Task prompt: From the records below, please repeat exactly the line that has "Shy Asian girl", the line that has "Gold necklace with", and every line between them, and nothing else.

**** Provided data

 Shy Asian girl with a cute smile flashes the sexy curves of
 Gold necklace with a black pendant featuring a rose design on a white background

********
**** Provided data

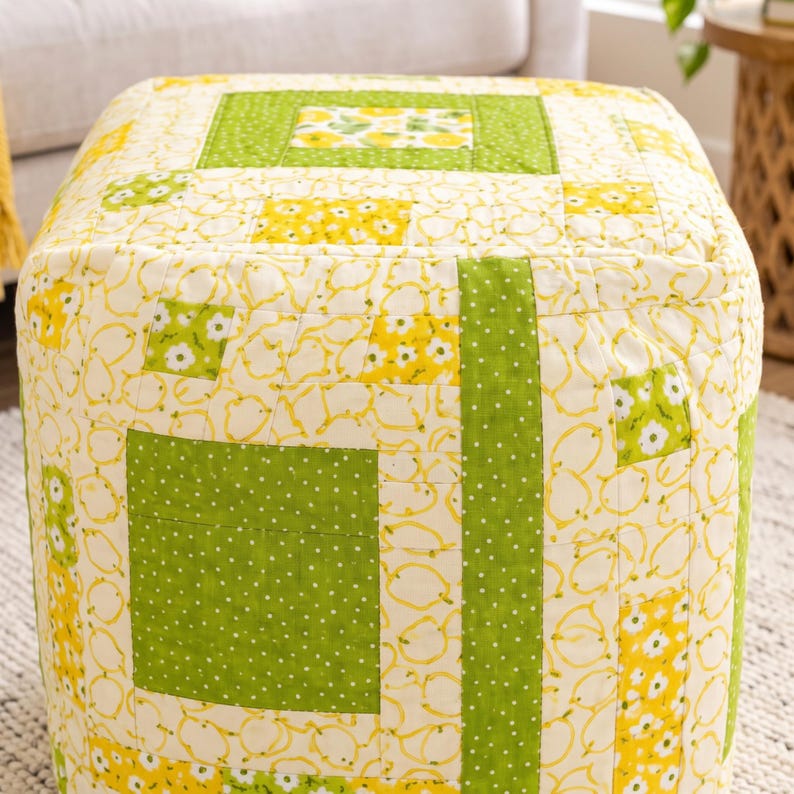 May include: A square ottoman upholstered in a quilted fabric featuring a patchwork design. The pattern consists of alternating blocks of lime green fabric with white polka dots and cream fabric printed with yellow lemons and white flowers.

********

Response:
 Shy Asian girl with a cute smile flashes the sexy curves of
 Gold necklace with a black pendant featuring a rose design on a white background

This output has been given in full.